WORK TO COMPLETE. This exercise calls for the line with "トヨタ カラーサンプル ミニカー アルファード クラウンスポーツ", the line with "Rolls-Royce Cullinan BLACK", and all lines between them in the material below, output exactly and with no other lines.

AVAILABLE DATA.
# # #
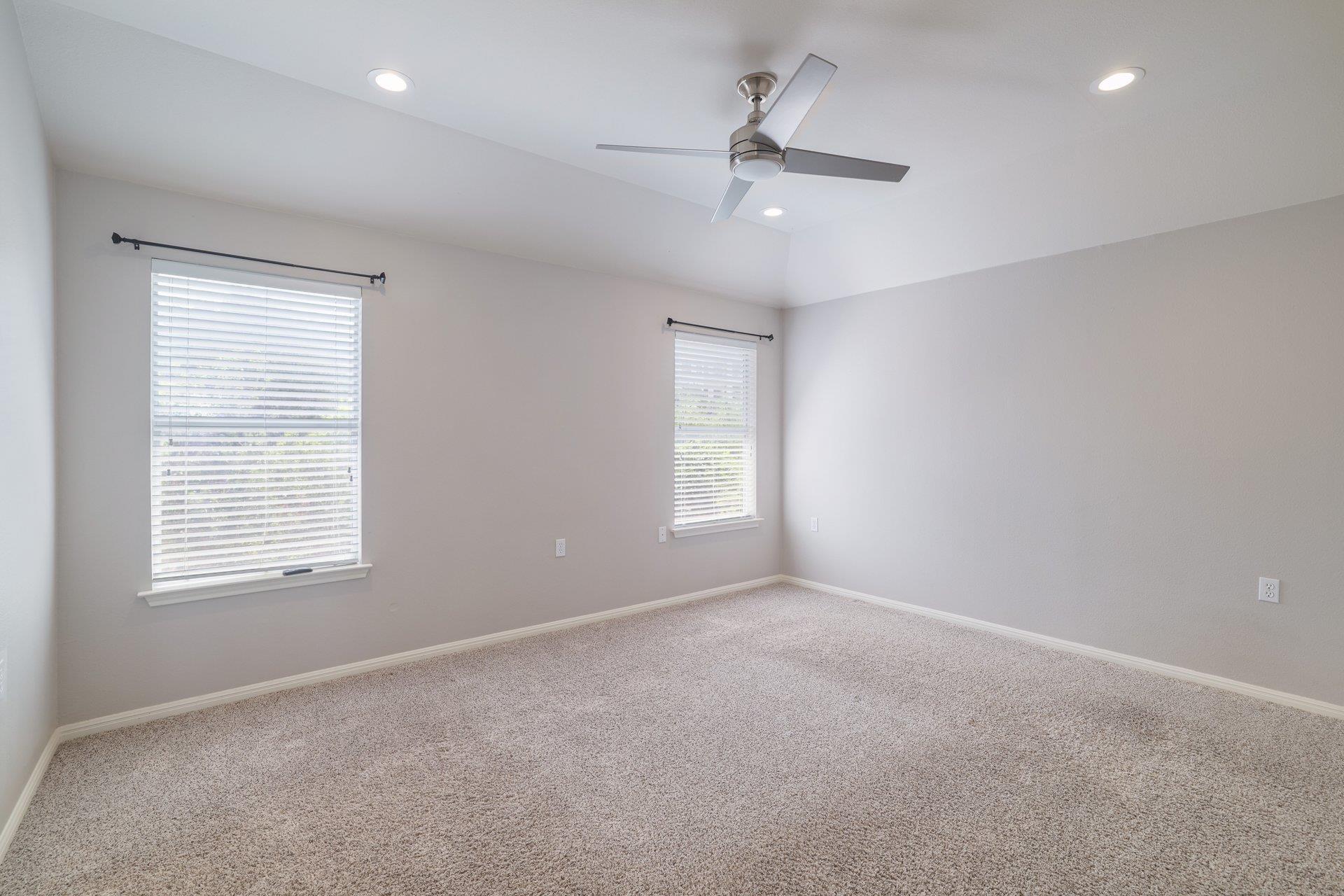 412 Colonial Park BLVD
# # #
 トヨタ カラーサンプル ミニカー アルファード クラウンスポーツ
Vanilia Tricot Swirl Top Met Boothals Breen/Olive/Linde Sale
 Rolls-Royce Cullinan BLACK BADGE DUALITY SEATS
# # #
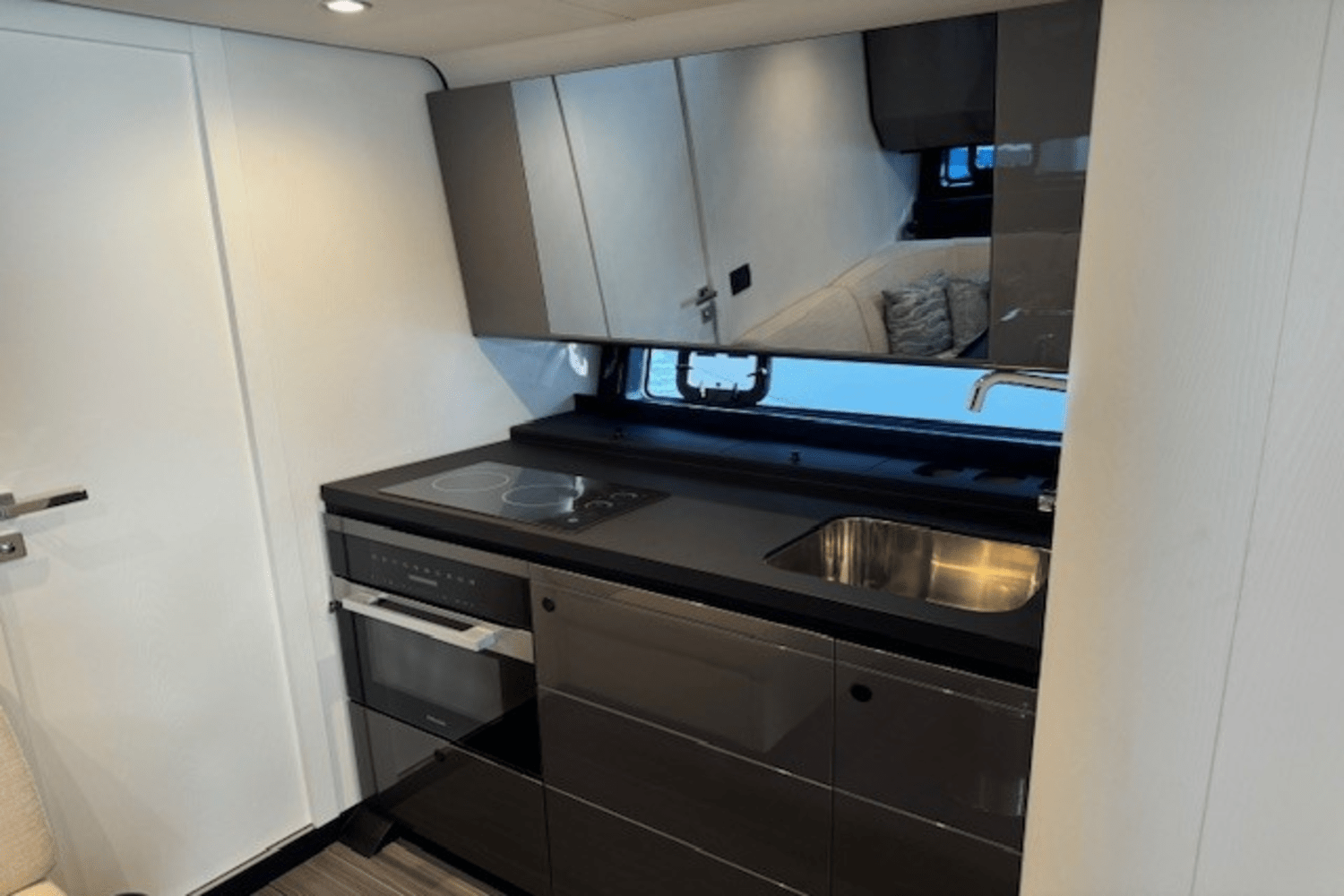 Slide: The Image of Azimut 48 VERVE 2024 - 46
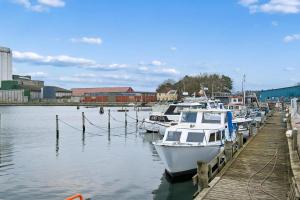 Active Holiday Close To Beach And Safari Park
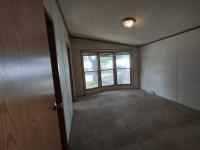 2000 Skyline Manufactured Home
# # #
ANSWER AREA.
 トヨタ カラーサンプル ミニカー アルファード クラウンスポーツ
Vanilia Tricot Swirl Top Met Boothals Breen/Olive/Linde Sale
 Rolls-Royce Cullinan BLACK BADGE DUALITY SEATS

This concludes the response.